La folle machine à dubliner la chaire humaine s’arrêtera-t-elle jamais ? Vague après vague les victimes de notre monde tordu parviennent jusqu’à nous. Herta, la divinité germanique incarnant le cycle des migration (dite également Hertus ou Herte, mais aussi Erda, Ertha, Nertha, Nerthus, voire Njörd ou Njördr), n’a pas fini de titiller notre conscience avec sa question gênante « et si c’était toi ? ». Il est urgent de faire un sort au règlement Dublin III, alors que se prépare la prochaine refonte française du code de l’immigration. A ce qu’on en sait, elle devrait supprimer les dernières soupapes à l’arbitraire : l’obligation de vérifier qu’un pays de renvoi présumé « sûr » n’est pas une « destination tombe », la possibilité pour le pays de présence de reprendre la main sur l’asile, après un certain délai, dès lors que le pays »responsable unique » ne manifeste pas son accord à donner suite (on va passer à une compétence éternelle, assumée ou non), la possibilité de représenter une demande d’asile après un premier déboutement et un temps long passé dans le pays, etc. L’errance des mal-accueillis à travers Europa a hélas un avenir inquiétant. Depuis 2015, existe – sur le papier au moins – un mécanisme de répartition (à partir d’états ayant dépassé de plus de 50 % leur capacité d’accueil physique). Celui-ci n’aura permis le transfert que de 30.000 personnes sur le million d’exilés accueillis par la Germanie libérale du dieu Thor.
– Comme l’expose la Cimade dans la position de son conseil national du 13 octobre 2017, « la question de l’asile doit être réglée à l’échelle européenne ». Depuis 25 ans, la tutelle bruxelloises sur les migrations s’est développée et le contrôle exercé par les cours de justice s’est aussi amélioré. En France, le Défenseur des droits s’est courageusement engagé. Revenir à l’a souveraineté pure des royaumes individuels conduirait vite au chaos. De plus, la gestion communautaire de l’accueil confèrerait à Europa un visage plus humain que celui résultant de sa gestion financière.

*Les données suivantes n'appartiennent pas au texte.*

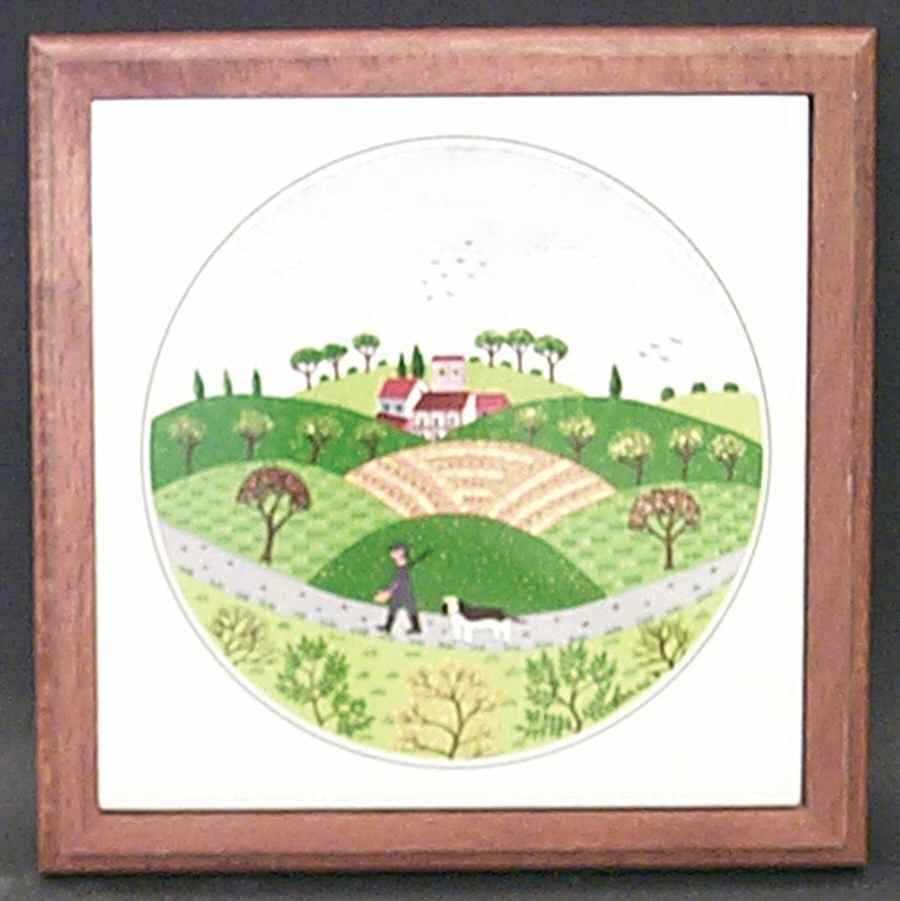 Design Naif Wood Frame Trivet by Villeroy & Boch-1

Sortir par le haut le mauvais génie Dublinos aboutirait à rétablir la liberté de choix personnel, pour le demandeur, du pays d’accueil et d’installation. Le nombre des « sans papier » errant au travers des frontières s’en trouverait fortement réduit. Pratiquement, cela impliquerait une mise en commun solidaire, au niveau des enfants d’Europa, de l’instruction des dossiers de demande d’asile, et des dossiers migratoires en généra. Auront-ils la volonté politique d’y procéder dans le cadre d’un office européen indépendant ? Il reviendrait à cette entité de définir clairement des principes et des buts ainsi que d’harmoniser les procédures et les taux d’obtention de la protection d’un pays à l’autre. L’hypocrisie des listes de pays ou pays-tiers présumés « sûrs » (où Hermès ne vous conseillerait pas d’aller en vacances, cependant), le tri expéditif des personnes, la rétention ou l’assignation comme formes d’emprise policière sur des innocents, tout cela doit partir en même temps que l’obligation de confinement au premier pays de transit. La sauvegarde de la dignité des nouveaux arrivants ne doit pas connaître d’exception. A vous qui appelez au secours, l’accès aux autorités concernées de la rive Nord ne devrait plus être bloqué, par un dispositif d' »externalisation » c’est à dire de regroupement dans des lieux éloignés d’Europa, hostiles voire dangereux pour ceux placés en tel purgatoire. Ceci constitue en effet une violation grave du droit international (notamment de la Convention de Genève de 1951) et pourrait même impliquer une forme de complicité de crime contre l’humanité, comme on le constate – avec effarement – dans le cas des « marchés aux esclaves » de Libye. Les rançonneurs-tortionnaires n’ y sont-ils pas stipendiés par Europa, elle-même ?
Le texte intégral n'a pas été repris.